==== MATERIALS PROVIDED ====

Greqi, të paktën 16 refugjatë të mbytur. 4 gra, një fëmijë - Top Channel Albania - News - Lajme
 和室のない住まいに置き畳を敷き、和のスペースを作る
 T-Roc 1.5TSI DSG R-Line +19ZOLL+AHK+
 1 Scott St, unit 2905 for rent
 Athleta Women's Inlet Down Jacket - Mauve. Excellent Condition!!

====

WHAT IS BEING ASKED — Copy exactly the line containing "1 Scott St, unit 2905 for rent" and each line after it through the end of the records above.

EXERCISE RESULT —
 1 Scott St, unit 2905 for rent
 Athleta Women's Inlet Down Jacket - Mauve. Excellent Condition!!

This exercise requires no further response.